# help with proving limits using Epsilon-Delta definition

by shirewolfe
Tags: definition, epsilondelta, limits, proving
 P: 3 I am having trouble proving the limits of quadratic functions such as the following. (I used "E" to represent epsilon and "d" for delta) lim [(x^2)+1] x->1 I found the limit, L, to equal 2 and have proceeded through the following steps: |f(x) - L| < E | [(x^2)+1] - 1| < E |[(x^2)-1]| < E |x+1||x-1| < E While I also know that 0 < |x-1| < d. My question is how do you find the numerical relationship between |x+1||x-1| and |x-1| so that I may find d in terms of E? (I was thinking of finding the bounded open interval in which |x+1||x-1| = |[(x^2)-1]| and substituting the greastest figure of the interval, which would be greater than |x+1|, in place of |x+1| so that I would have z|x-1|< E where z is an identified numerical value. However, in problems like the one above, |x+1||x-1| = |[(x^2)-1]| within a seemingly unbounded interval.) please help. your time and assistance is very much appreciated.
 P: 696 Use the triangle inequality perhaps, |x + 1| = |x - 1 + 2| <= |x - 1| + 2 < d + 2.
HW Helper
PF Gold
P: 12,016
 Quote by shirewolfe I am having trouble proving the limits of quadratic functions such as the following. (I used "E" to represent epsilon and "d" for delta) lim [(x^2)+1] x->1 I found the limit, L, to equal 2 and have proceeded through the following steps:
First of all, you have NOT found the limit, and certainly not shown that it is 2!
What you have done, is to make a GUESS at the limit value!!
(As it happens, you've made a correct guess, but that is irrelevant; it's still a guess).

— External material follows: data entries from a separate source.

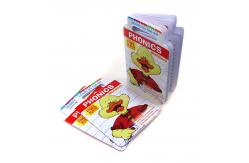 China Soft Cover Saddle Stitching Custom CMYK Childrens Handle Workbook Printing supplier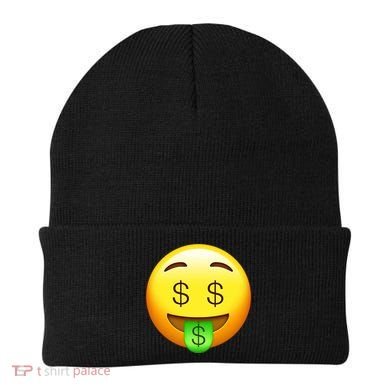Money Emoji Beanie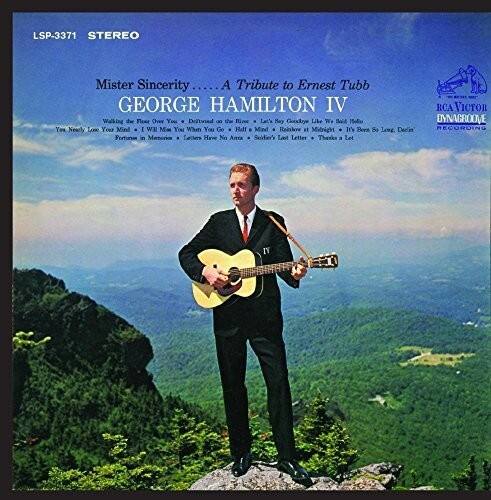George Hamilton IV - Mister Sincerity: A Tribute to Ernest Tubb   - COMPACT DISCS [CD] price history on PriceWatchPro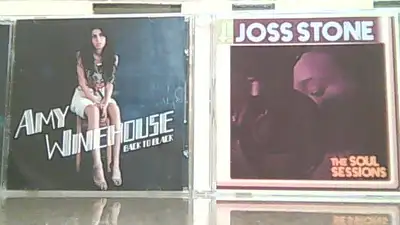 AMY WINEHOUSE & JOSS STONE - CDs, View more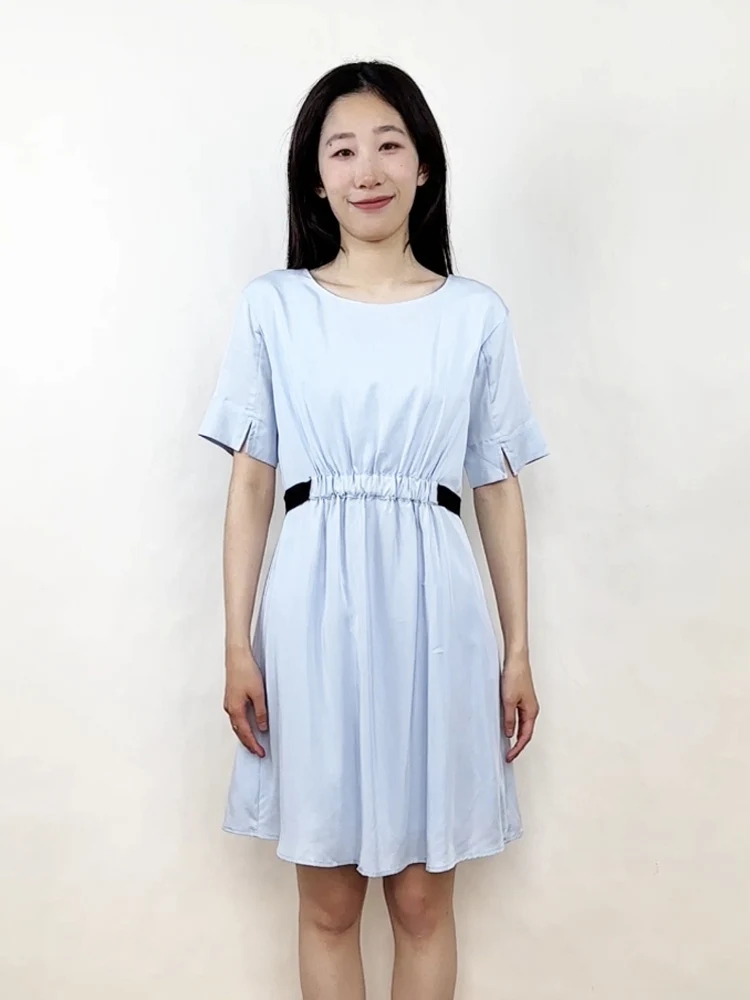 Knee-Length Tie-Bel… - image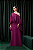 Vestido Diana Vinho - Imagem 1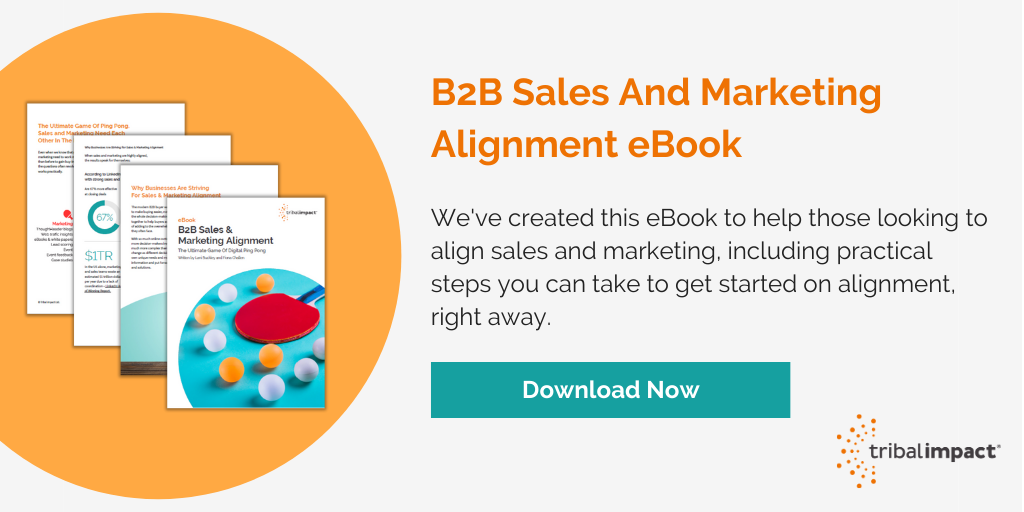 sales and marketing alignment 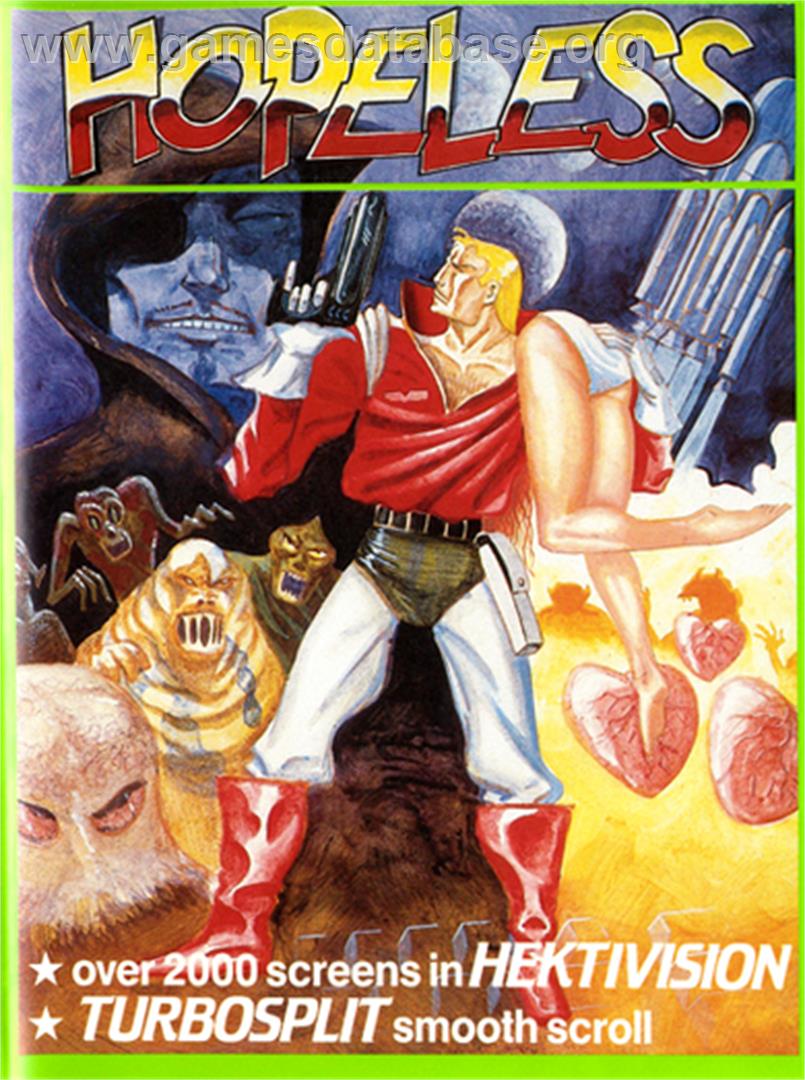 Hopeless - Commodore 64 - Artwork - Box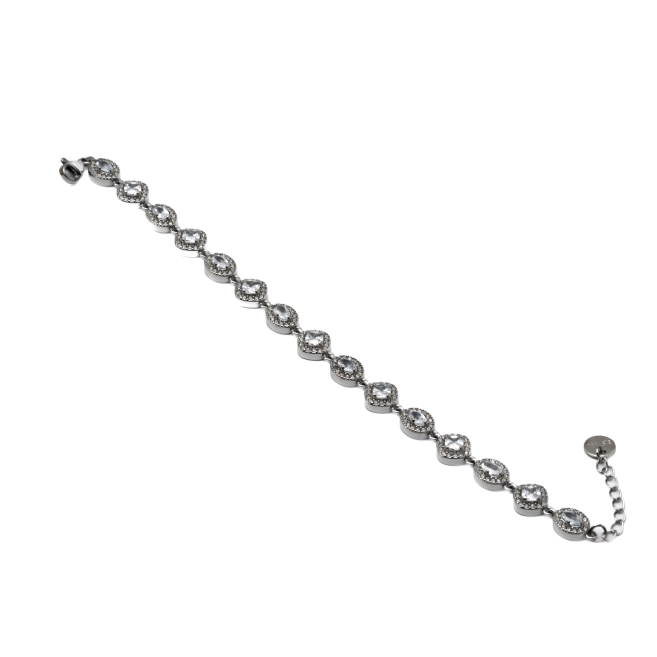 PULSERA ZO13629B PLATEADO Acero Inxidable 2B21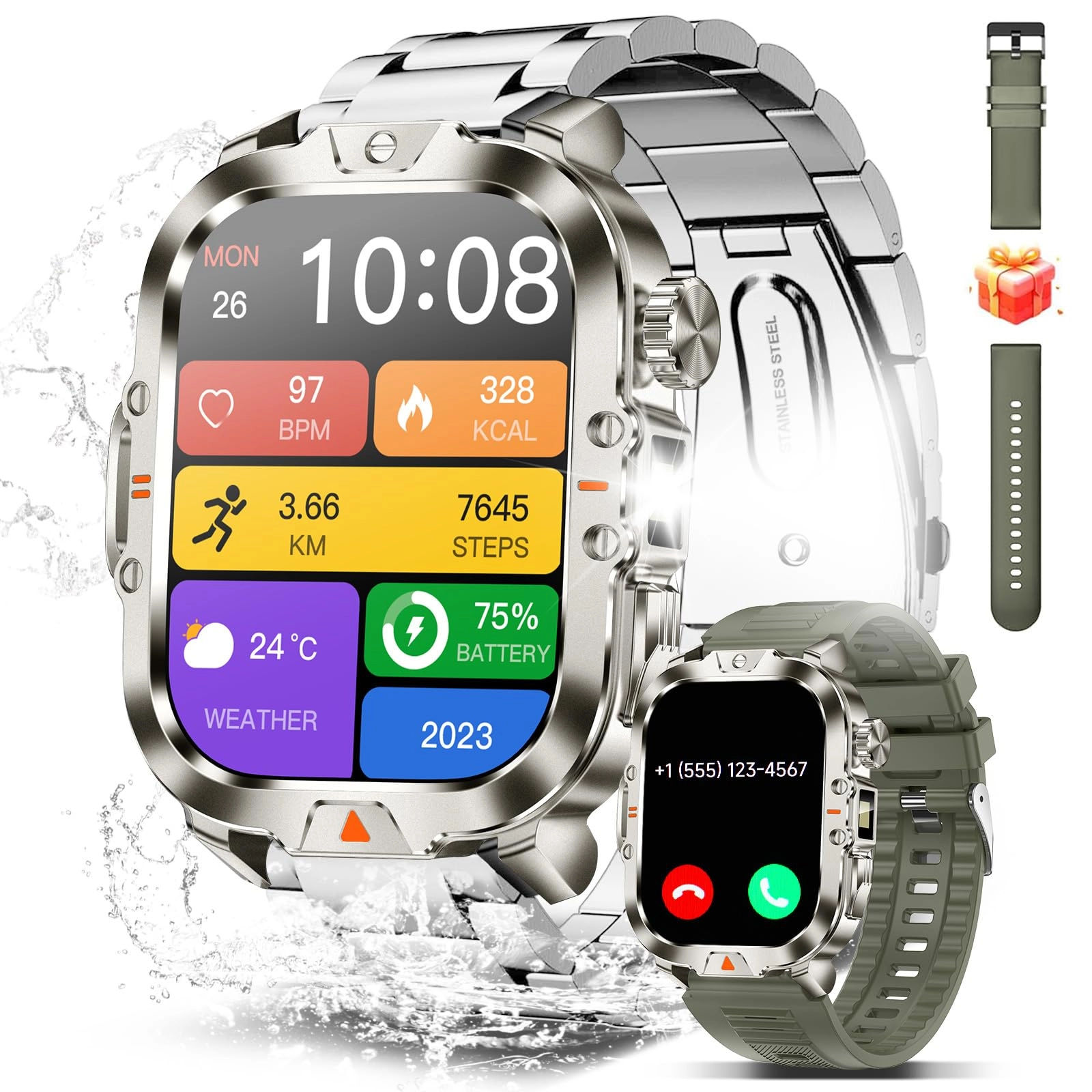 Military Smart Watch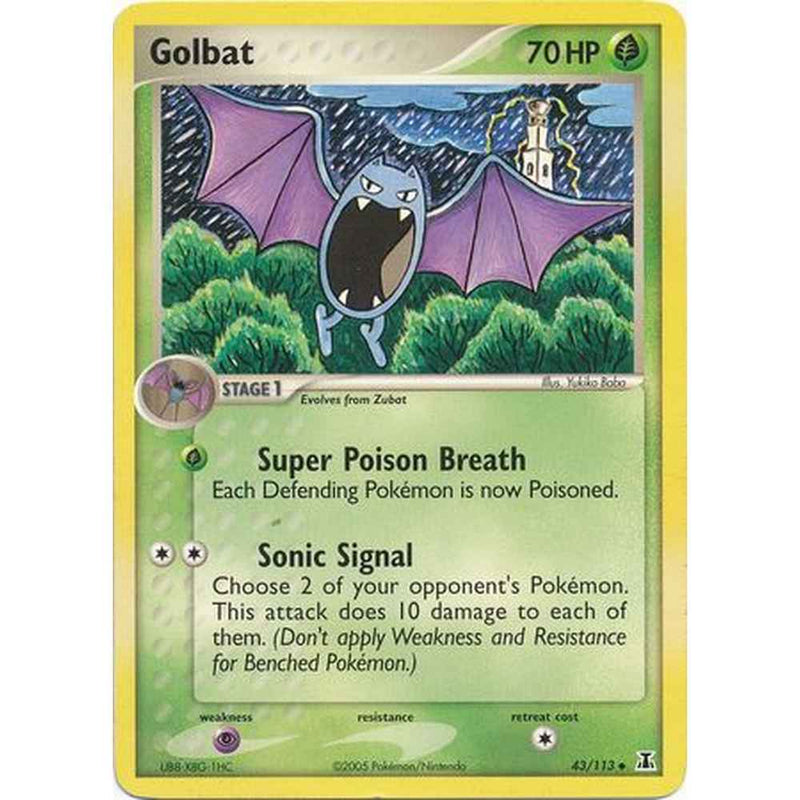 Golbat - 43/113 - Uncommon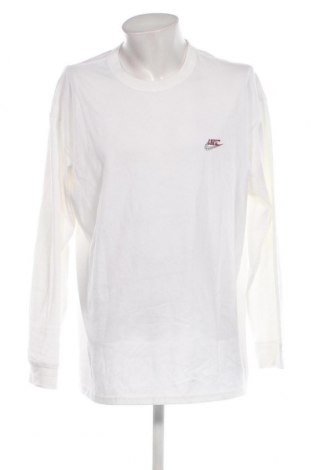 Мъжка блуза Nike, Размер XL, Цвят Бял, Цена 97,20 лв.
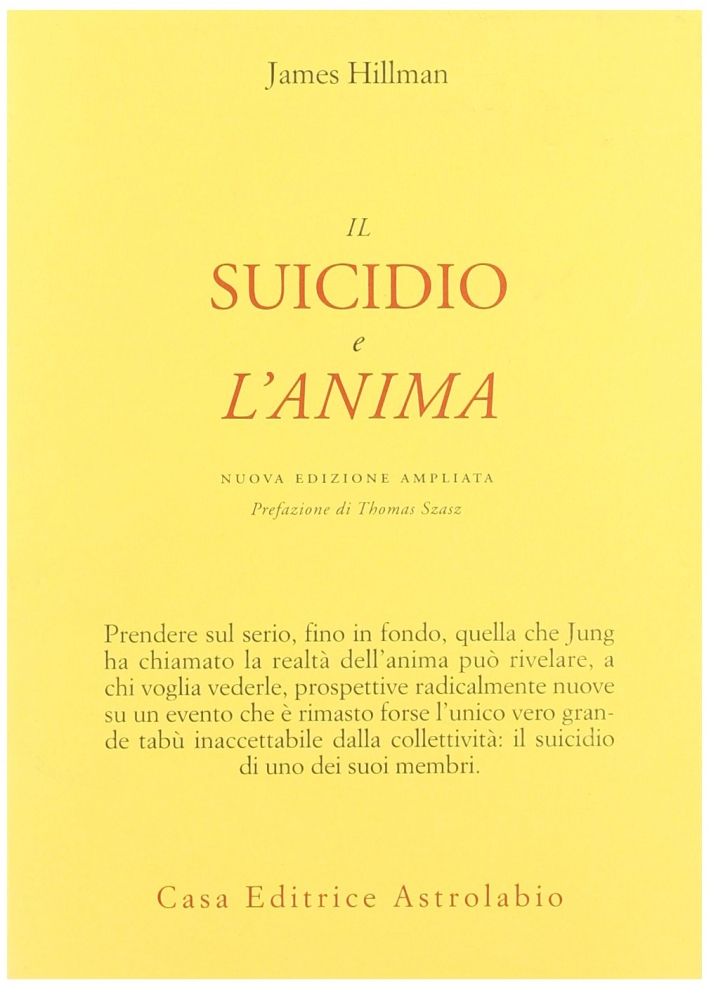 Il suicidio e l'anima Il suicidio e l'anima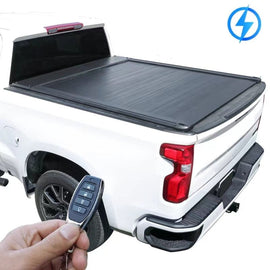 Ford F-250 F-350 Truck bed cover Aluminum retractable cover for F250 F350 from Truck2go
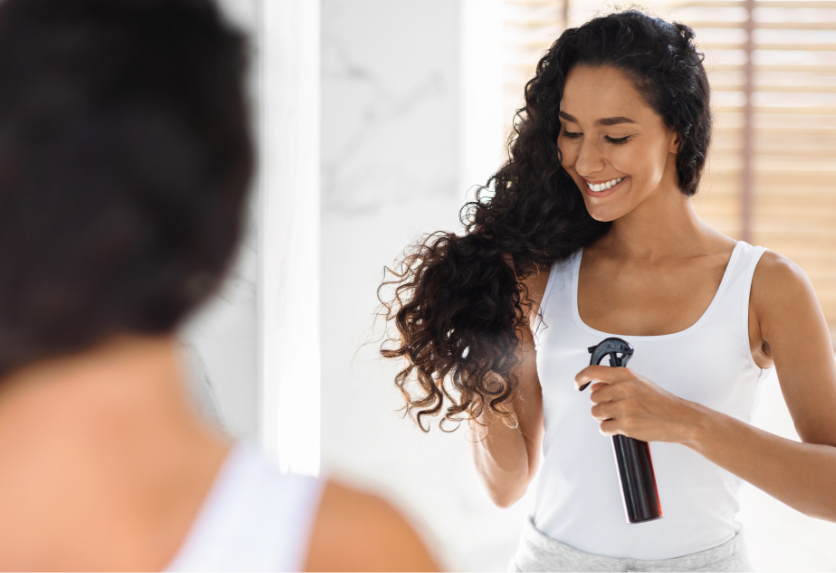 Bye-bye frizz effect: 3 tips for dealing with humidity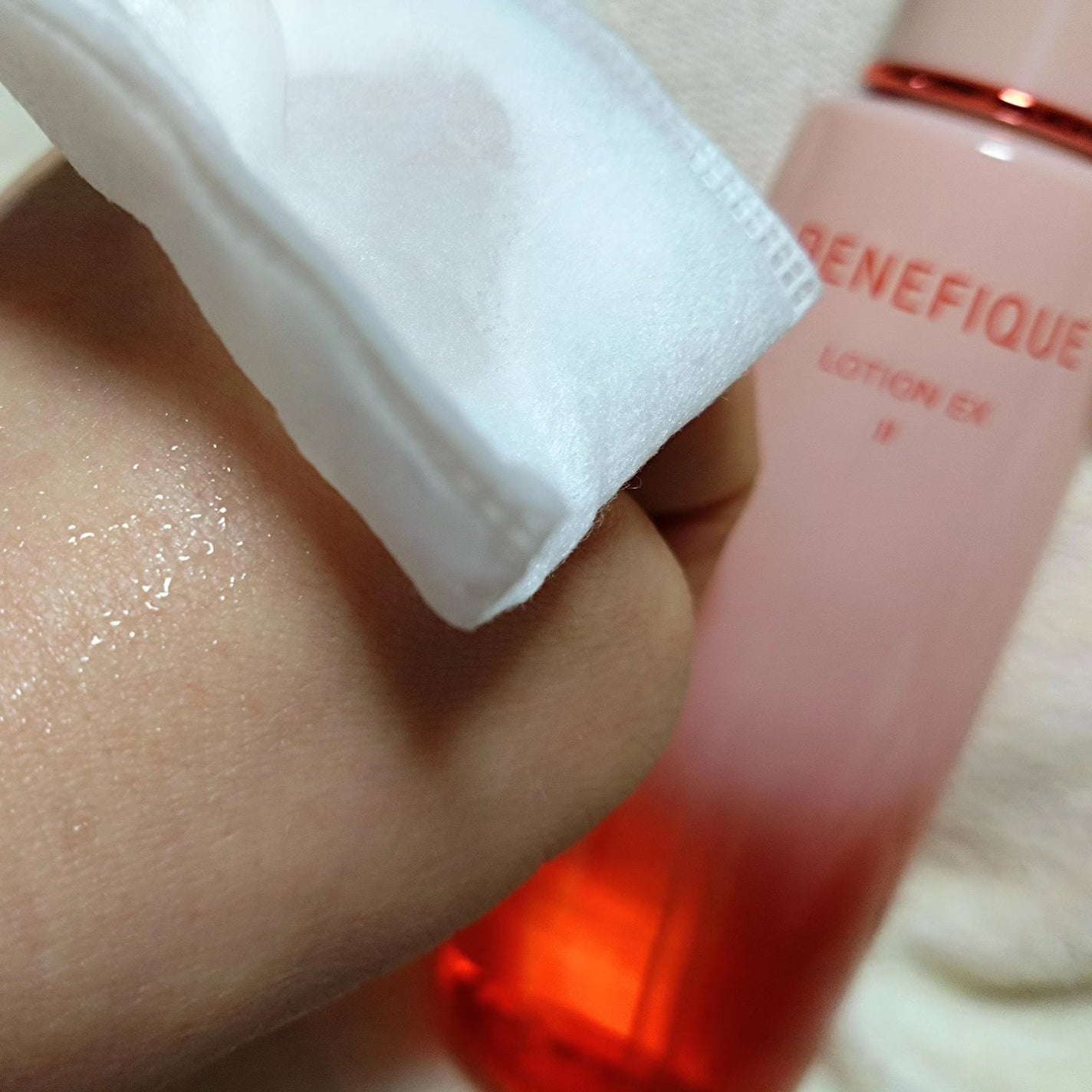 ベネフィーク ローションEX Ⅱ/BENEFIQUE/化粧水を使ったクチコミ(5枚目)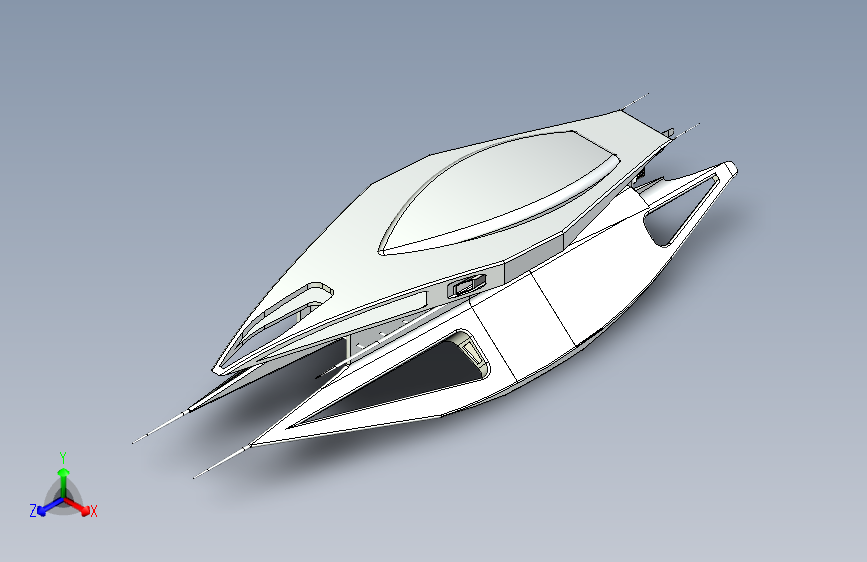 Y7106-宇宙飞船+Vorgon+Attack+Cruiser+SW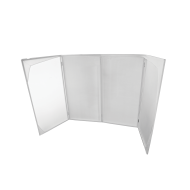 Panneau Décoratif en Lycra Blanc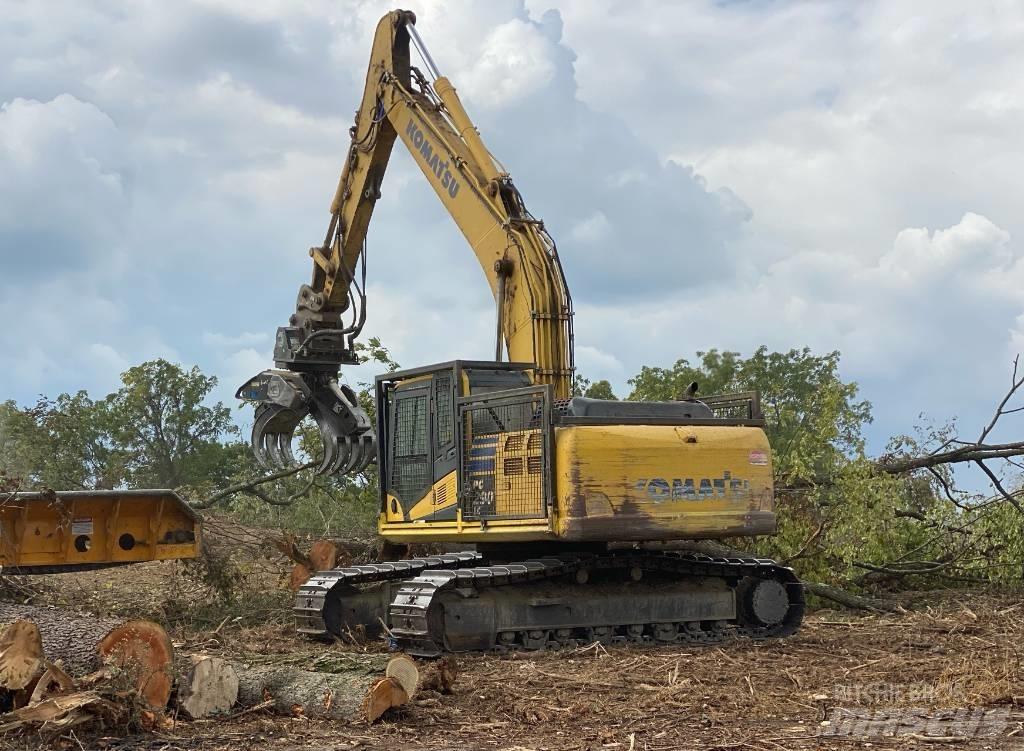 Komatsu PC 290 LC-10 Roomikekskavaatorid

What you are to do now, is:
1. Does my guess (2) satisfy the properties that a limit must have?
2. Let $$|x-1|<\delta$$
3. Then, $$|x^{2}+1-2|=|x^{2}-1|=|x-1||x+1|$$
4. Now, by assumption, $$|x-1|<\delta$$
Let us make a further assumption, that $$\delta<1$$
Then, $$|x+1|<2 (\delta<1)$$
And:
$$|x^{2}+1-2|<2\delta, (\delta<1)$$
5. Let $$\epsilon>0$$
If we are to have $$|x^{2}+1-2|<\epsilon$$ for all x satisfying $$|x-1|<\delta$$ it is sufficient if the following inequalities are simultaneously satisfied:
$$2\delta<\epsilon$$
$$\delta<1$$

Hence, setting $$\delta=min(\frac{\epsilon}{2},1)$$ suffices.

That is, we were able to show that our guess (2) satisfy the properties a limit must have.

P: 3

## help with proving limits using Epsilon-Delta definition

By 'finding' 2 through the substitution of 1 in f(x)=[(x^2)+1] I meant that it was a possible limit whose validity must be varified through the E-d definition. Thank you for correcting me however, to avoid my own future confusion.

Thanks for the helpful guidance and clarification.
 Sci Advisor HW Helper PF Gold P: 12,016 I was perhaps a bit too snappish on that point, don't bite me back, though..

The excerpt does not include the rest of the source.